Долго в молчании смотрели на молодую женщину, бледную, с сияющими синими глазами, Павел, митрополит Крутицкий, и Иоаким, архимандрит Чудовский, и думные дьяки.
Иоаким Чудовский, тот, что когда-то смолоду служил в конных рейтарах, начал выговаривать боярыне с горячностью:
— Старцы и старицы довели тебя до судилища, пожалей хоть красоту сыновью.
Морозова ответила тихо:
— О сыне перестаньте мне говорить, ибо Христу живу, а не сыну.
Собор переглянулся, пошептался, и вопросы со всех концов палаты начали как бы загонять боярыню в угол:
— Причащаешься ли ты по тем служебникам, по которым государь-царь, благоверная царица, царевичи и царевны причащаются?
— Нет. И не причащусь, потому что царь по развращённым Никоновым служебникам причащается.
— Стало быть, мы все еретики?
— Вы все подобны Никону, врагу Божью, который своими ересями как блевотиной наблевал, а вы теперь-то осквернение его подлизываете…
Ярый шум поднялся на Соборе. Упорную раскольщицу уже не судят, ее бранят, «лают».
Она стоит молча, прижавши руку с двуперстием к груди, только вздрагивают полузакрытые веки.
— После того ты не Прокопьева дочь, а бесова дочь, — крикнул кто-то.
Она открыла глаза, перекрестилась:
— Я проклинаю беса… Я дочь Христа.
Уже исступленная, ожесточённая — заблуждающаяся ли в упорстве своём или вдохновенно видящая тайные видения небесные, но сильная и непобедимая в вере своей стоит перед Собором Морозова.
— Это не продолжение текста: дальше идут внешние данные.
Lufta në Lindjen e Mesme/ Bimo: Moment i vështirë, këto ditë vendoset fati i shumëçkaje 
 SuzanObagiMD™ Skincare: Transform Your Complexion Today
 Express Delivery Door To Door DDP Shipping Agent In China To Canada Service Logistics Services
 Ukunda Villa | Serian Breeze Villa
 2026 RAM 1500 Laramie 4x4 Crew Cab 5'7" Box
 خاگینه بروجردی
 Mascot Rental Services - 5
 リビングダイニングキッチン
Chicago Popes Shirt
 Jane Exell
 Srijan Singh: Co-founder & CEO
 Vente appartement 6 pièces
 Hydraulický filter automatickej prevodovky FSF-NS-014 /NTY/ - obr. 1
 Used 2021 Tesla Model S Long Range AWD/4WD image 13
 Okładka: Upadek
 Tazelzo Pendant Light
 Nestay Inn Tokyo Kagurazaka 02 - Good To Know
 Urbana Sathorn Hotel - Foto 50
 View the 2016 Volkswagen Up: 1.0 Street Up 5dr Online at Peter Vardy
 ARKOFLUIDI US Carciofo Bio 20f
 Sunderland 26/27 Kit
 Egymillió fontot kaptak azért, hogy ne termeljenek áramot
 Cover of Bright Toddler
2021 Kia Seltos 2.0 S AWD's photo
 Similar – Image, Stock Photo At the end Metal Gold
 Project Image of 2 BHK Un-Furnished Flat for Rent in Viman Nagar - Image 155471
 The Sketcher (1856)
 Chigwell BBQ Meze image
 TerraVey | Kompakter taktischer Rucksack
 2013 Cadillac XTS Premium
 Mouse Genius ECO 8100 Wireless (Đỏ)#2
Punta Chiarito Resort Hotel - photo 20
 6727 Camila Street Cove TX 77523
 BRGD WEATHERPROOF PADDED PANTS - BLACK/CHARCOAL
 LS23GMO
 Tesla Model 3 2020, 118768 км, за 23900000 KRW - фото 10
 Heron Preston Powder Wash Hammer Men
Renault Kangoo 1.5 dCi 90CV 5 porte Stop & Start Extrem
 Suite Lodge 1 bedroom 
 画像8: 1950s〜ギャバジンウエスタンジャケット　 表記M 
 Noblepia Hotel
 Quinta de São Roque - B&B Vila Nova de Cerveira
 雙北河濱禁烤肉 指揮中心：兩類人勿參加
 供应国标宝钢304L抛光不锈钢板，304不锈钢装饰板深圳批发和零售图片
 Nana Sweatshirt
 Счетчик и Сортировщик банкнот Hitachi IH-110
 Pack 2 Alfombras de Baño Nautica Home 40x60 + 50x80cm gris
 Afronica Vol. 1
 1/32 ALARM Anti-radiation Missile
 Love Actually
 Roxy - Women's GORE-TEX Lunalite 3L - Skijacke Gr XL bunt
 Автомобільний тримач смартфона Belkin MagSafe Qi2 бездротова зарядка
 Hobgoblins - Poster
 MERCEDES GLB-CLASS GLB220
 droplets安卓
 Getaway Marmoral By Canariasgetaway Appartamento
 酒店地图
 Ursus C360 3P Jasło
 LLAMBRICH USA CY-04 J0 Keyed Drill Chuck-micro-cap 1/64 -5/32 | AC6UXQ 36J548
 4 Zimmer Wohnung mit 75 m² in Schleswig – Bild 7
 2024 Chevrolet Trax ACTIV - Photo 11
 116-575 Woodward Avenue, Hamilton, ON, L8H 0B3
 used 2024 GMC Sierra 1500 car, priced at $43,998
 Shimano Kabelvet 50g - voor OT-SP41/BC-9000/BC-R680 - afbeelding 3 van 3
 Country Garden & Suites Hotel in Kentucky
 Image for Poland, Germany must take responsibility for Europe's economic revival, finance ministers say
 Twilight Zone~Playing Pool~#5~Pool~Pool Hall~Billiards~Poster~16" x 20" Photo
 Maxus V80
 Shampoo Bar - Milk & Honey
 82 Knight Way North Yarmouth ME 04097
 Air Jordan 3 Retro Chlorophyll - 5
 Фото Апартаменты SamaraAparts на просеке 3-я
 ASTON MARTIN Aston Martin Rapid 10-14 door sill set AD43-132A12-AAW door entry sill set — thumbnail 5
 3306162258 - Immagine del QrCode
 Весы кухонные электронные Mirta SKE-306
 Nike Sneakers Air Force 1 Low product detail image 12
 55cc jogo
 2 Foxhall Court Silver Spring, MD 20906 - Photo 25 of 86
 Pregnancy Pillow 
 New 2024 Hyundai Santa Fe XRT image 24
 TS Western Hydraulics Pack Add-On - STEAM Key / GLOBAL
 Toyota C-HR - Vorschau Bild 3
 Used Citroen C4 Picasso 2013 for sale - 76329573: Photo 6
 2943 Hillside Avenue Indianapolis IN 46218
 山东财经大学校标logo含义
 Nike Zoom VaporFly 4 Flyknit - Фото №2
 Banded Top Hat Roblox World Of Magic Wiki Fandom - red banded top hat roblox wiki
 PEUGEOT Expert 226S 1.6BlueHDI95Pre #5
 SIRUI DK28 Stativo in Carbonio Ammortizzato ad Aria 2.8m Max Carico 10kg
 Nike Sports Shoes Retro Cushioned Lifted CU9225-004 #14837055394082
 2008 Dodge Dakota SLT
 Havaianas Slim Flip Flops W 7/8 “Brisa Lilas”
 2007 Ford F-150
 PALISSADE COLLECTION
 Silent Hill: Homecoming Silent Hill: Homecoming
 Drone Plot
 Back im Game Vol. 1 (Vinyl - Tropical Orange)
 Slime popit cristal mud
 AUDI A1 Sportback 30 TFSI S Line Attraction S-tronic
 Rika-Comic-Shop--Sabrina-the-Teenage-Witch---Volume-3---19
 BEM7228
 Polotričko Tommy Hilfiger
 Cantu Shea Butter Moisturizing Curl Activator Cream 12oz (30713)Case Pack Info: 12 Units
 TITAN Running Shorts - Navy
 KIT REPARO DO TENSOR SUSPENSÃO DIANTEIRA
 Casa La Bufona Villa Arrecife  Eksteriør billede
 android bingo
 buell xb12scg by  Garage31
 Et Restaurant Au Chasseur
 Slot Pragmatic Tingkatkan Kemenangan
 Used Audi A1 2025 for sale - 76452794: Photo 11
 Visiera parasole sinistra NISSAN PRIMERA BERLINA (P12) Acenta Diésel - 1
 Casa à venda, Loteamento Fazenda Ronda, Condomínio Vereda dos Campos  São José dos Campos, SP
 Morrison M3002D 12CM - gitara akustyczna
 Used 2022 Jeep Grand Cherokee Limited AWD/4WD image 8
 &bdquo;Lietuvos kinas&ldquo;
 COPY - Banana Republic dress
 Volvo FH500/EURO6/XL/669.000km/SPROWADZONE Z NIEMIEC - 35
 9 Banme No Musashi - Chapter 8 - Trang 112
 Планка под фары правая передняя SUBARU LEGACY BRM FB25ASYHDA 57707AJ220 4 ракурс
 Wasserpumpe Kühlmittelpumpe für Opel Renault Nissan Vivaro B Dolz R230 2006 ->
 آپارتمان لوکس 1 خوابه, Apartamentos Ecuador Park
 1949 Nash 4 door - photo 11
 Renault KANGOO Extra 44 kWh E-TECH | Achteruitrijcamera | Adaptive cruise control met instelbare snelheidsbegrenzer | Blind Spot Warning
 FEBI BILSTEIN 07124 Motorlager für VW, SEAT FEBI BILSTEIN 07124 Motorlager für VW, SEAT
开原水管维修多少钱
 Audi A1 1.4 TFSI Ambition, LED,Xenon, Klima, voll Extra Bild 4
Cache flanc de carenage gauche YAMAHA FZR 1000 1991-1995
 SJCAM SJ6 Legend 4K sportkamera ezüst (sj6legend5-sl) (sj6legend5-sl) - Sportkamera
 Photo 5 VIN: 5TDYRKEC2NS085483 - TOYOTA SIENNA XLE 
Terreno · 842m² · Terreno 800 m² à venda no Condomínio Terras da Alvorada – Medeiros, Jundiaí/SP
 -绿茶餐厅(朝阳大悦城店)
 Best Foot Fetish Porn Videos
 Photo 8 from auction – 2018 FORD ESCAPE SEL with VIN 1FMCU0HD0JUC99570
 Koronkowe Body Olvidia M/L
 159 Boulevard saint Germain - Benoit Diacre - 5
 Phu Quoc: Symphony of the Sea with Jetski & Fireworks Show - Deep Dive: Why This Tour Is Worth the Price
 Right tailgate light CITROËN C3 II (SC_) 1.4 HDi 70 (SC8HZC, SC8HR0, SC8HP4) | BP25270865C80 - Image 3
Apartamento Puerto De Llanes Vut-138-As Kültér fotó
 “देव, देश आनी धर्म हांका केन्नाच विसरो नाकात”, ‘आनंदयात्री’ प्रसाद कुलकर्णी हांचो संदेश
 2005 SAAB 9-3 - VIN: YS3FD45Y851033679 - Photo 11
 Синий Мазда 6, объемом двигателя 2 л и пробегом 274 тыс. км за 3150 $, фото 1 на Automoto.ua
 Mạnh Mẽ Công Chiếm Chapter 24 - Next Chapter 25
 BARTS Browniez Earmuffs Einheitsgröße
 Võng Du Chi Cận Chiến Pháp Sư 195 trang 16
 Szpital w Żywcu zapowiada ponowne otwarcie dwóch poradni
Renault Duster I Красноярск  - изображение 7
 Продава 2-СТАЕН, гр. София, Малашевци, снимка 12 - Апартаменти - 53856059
И, может быть, видела она все святые видения и знамения, крылья светлой Руси.
И странно, боярыня Морозова перед судом московских епископов вызывает образ иной и дальний: светлой Девы Орлеанской, тоже на суде.
Но не в кованых латах русская Жанна д’Арк, а в той невидимой кольчуге духовной, о какой сказано у апостола Павла[154].
* * *
Её увели назад, в подклеть, снова забили ноги в железа.
А наутро думный дьяк снял сёстрам железа с ног, взамен надел обеим острожные цепи на шеи.
Морозова перекрестилась, поцеловала огорлие студёной цепи:
— Слава Тебе Господи, яко сподобил еси мя Павловы узы возложить на себя…
Конюхи вынесли её, закованную, к дровням. На дровнях её повезли через Кремль.
На Москве курилась метель. С царских переходов, у Чудова, поёживаясь от стужи, царь смотрел, как везут строптивую раскольницу. Может быть, уже жалел, что не пострашилась она страданий и позора, может быть, уже и «постанывал», глядя на боярыню.
На позорный поезд Морозовой смотрела и молодая царица Наталия, чернобровая, крутотелая, разогретая сном. Смотрела без сожаления, с холодным равнодушием.
За дровнями, ныряя в метель, молча бежала толпа. Вероятно, эти мгновения и изобразил Суриков в своей «Боярыне Морозовой».
Последнюю молодую Московию в лице боярыни Морозовой везли в заточение. Морозова подымала руку, крестясь двуперстно, и звенела цепью.
Её отвезли в Печёрский монастырь, под стрелецкую стражу.
Евдокию, тоже обложивши железами, отдали под начало в монастырь Алексеевский.
Сестёр разлучили.
Алексеевским монахиням приказано было силком водить княгиню в церковь. Она сопротивлялась, её волочили на рогожах.
Маленькая княгиня билась, рыдала:
— О, сестрицы бедные, я не о себе, о вас плачу, погибающих, как пойду в ваш собор, когда там поют не хваля Бога, но хуля…
Упорство или заблуждения старшей, Федосьи, ожесточённая её жажда пострадать за старую веру, у Евдокии ещё сильнее: как зеркало, с резкостью, отражает она все черты старшей сестры.
* * *
На Москве о сёстрах-раскольницах начался жестокий розыск.
Одну из морозовских стариц, Марью, жену стрелецкого головы Акинфия Данилова, бежавшую на Дон, схватили на Подонской стороне. Её, окопавши, посадили в яму перед стрелецким приказом. «Бесстыднии воины пакости ей творяху невежеством, попы никонианские, укоряя раскольницей, принуждали креститься в три персты и ломали ей персты, складывающе щепоть».
Братья Морозовой тогда же были согнаны с Москвы: старший, Фёдор — в чугуевские степи, а младший, Алексей, — в Рыбное.